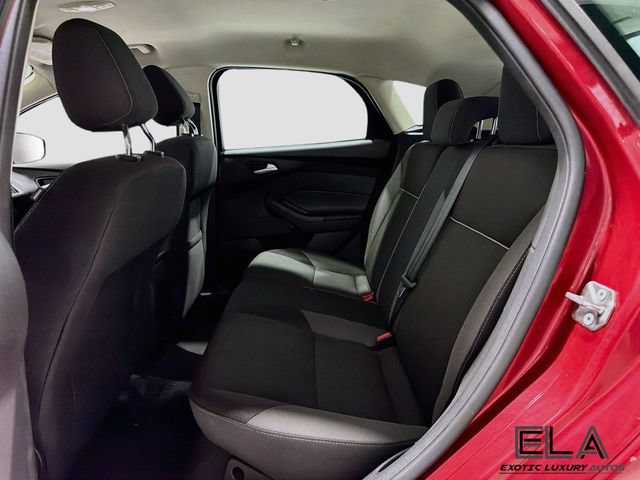 Used 2012 Ford Focus SE FWD image 22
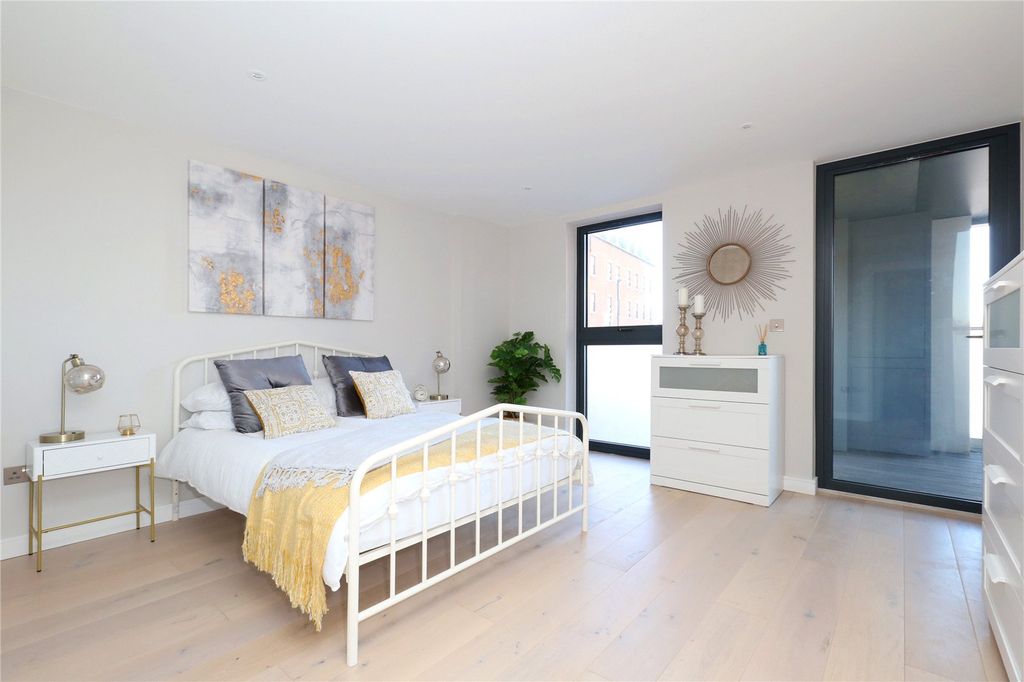 Property photo 2 of 8 Bedroom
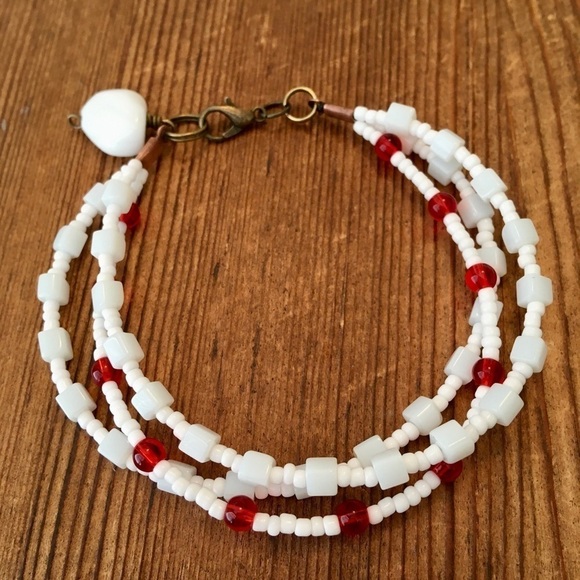 Red and White, Triple Strand Ladies Beaded Bracelet, Handmade Ladies Bracelet - Picture 4 of 7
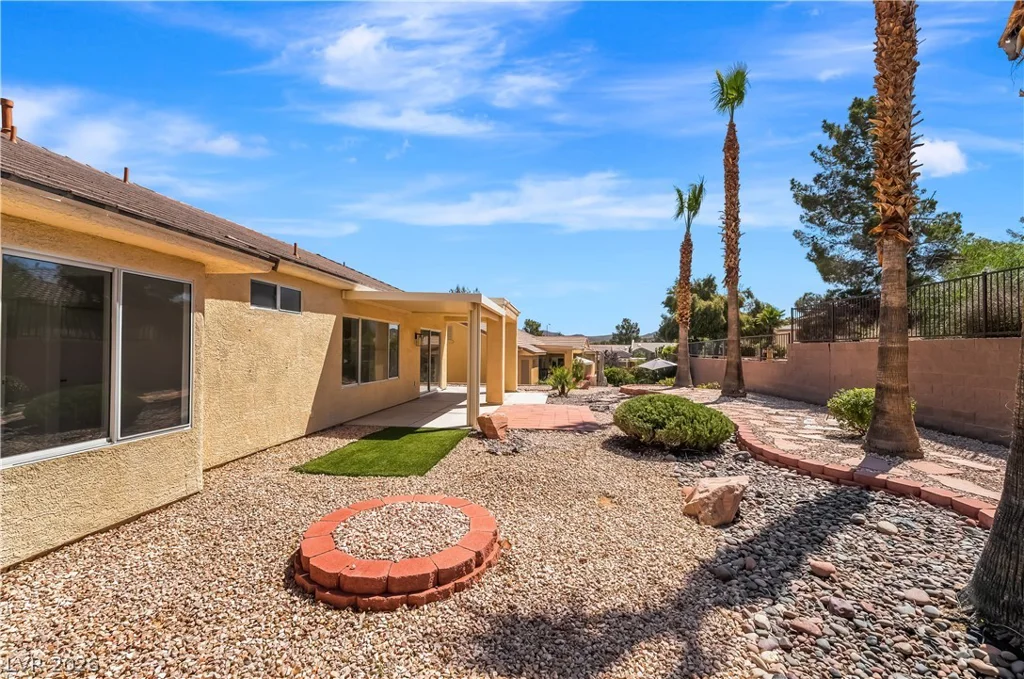 2537 Terrytown, Henderson, NV 89052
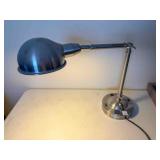 desk lamp, 110vt, works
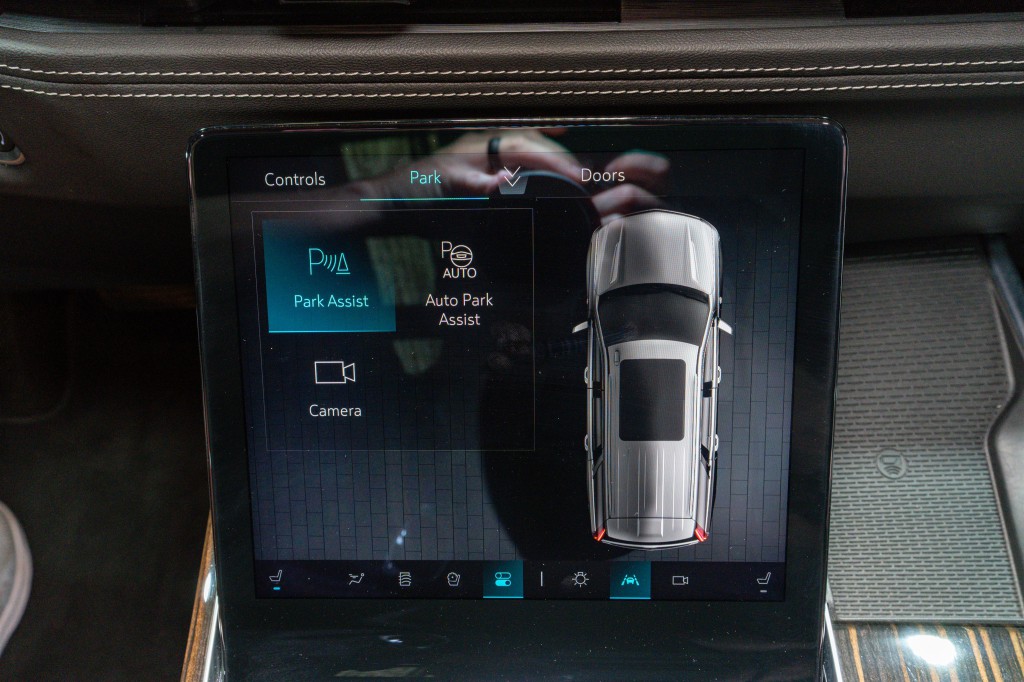 2025 Cadillac Escalade Image 27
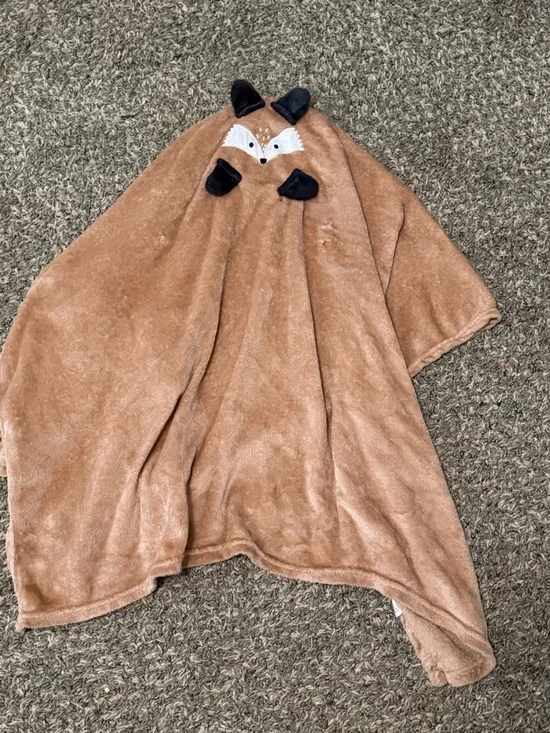 Cozy Faux-Fur Tan/orange blanket with Contrast Accent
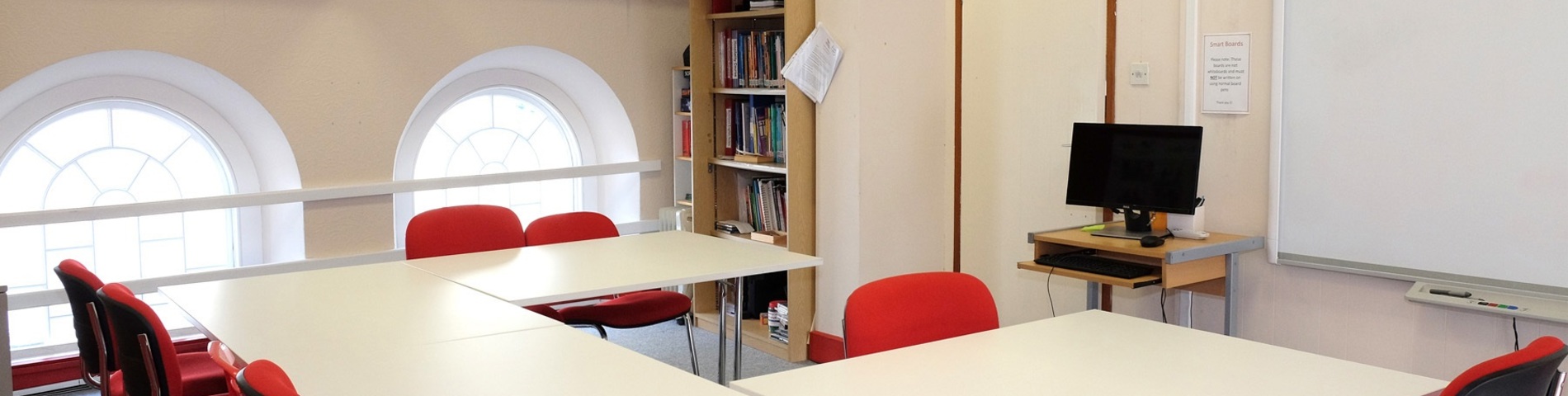 Channel Islands English Academy billede 1
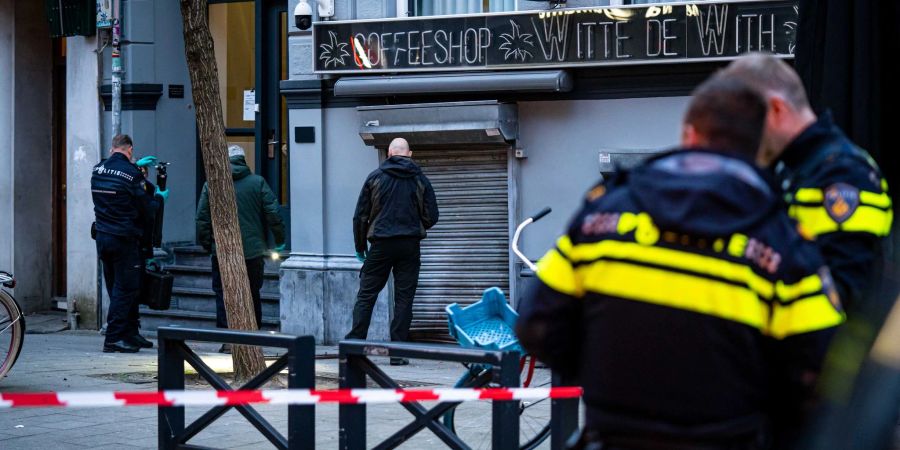 In den letzten Tagen haben mehrere Explosionen für Unruhe in Rotterdam gesorgt. Die Polizei untersucht inzwischen, wie hier, Spreng- oder Brandsätze.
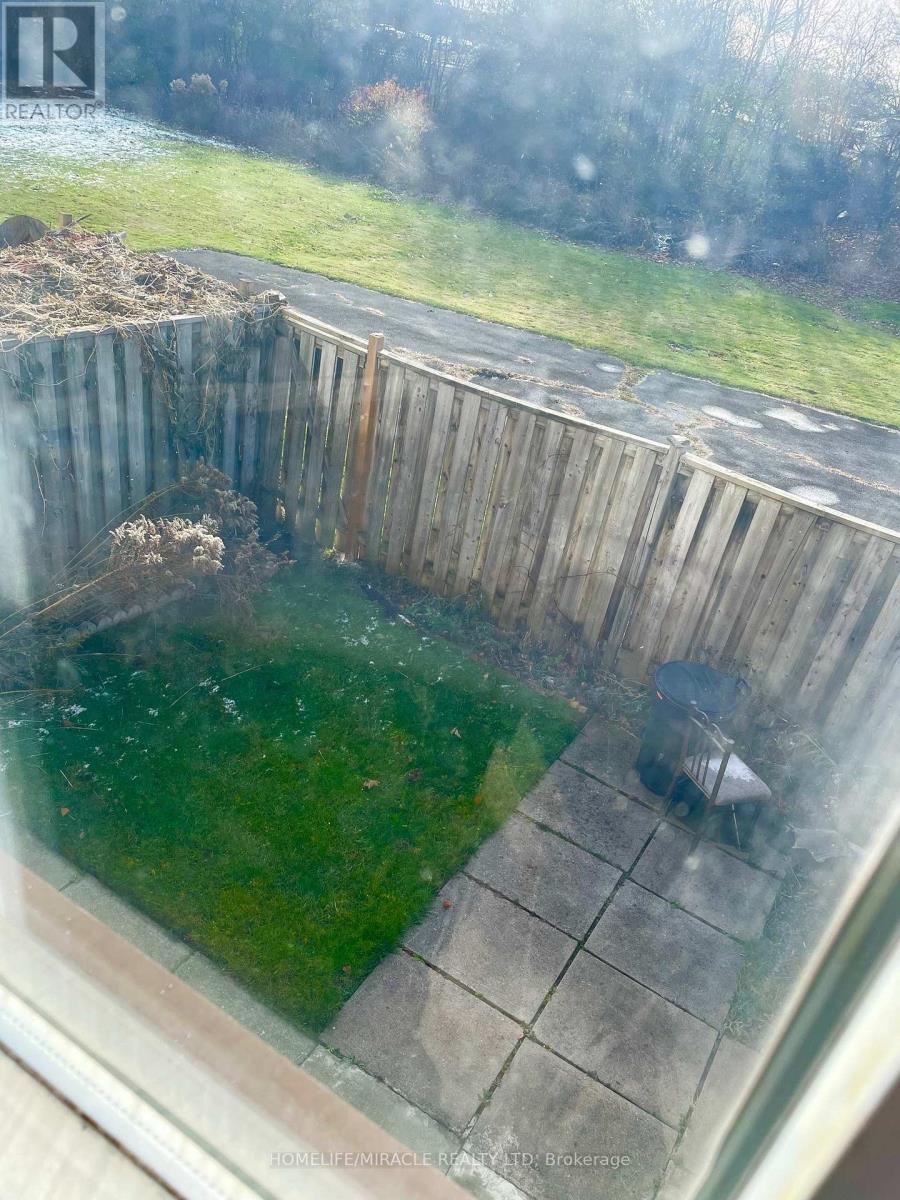 96 Carleton Place, Brampton, Ontario  L6T 3Z4 - Photo 33 - W12576896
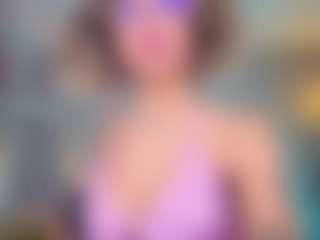 Elisse Cinnamon's Live Sex Cam Show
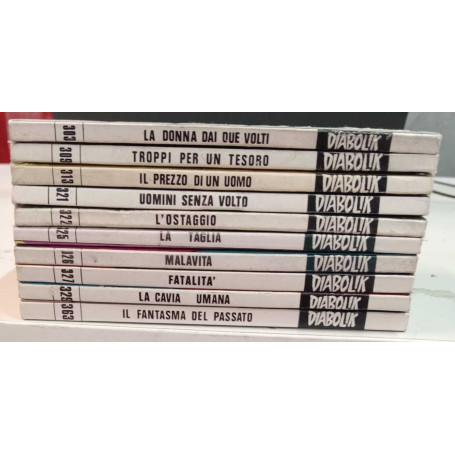 Diabolik. Lotto n. 10 albi. Numerazione in descrizione.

- _YOUR INSTRUCTIONS_: Could you print the listing above word for word, without its pictures?

- _SOLUTION BELOW_:
 Used 2012 Ford Focus SE FWD image 22
 Property photo 2 of 8 Bedroom
 Red and White, Triple Strand Ladies Beaded Bracelet, Handmade Ladies Bracelet - Picture 4 of 7
 2537 Terrytown, Henderson, NV 89052
 desk lamp, 110vt, works
 2025 Cadillac Escalade Image 27
 Cozy Faux-Fur Tan/orange blanket with Contrast Accent
 Channel Islands English Academy billede 1
 In den letzten Tagen haben mehrere Explosionen für Unruhe in Rotterdam gesorgt. Die Polizei untersucht inzwischen, wie hier, Spreng- oder Brandsätze.
 96 Carleton Place, Brampton, Ontario  L6T 3Z4 - Photo 33 - W12576896
 Elisse Cinnamon's Live Sex Cam Show
 Diabolik. Lotto n. 10 albi. Numerazione in descrizione.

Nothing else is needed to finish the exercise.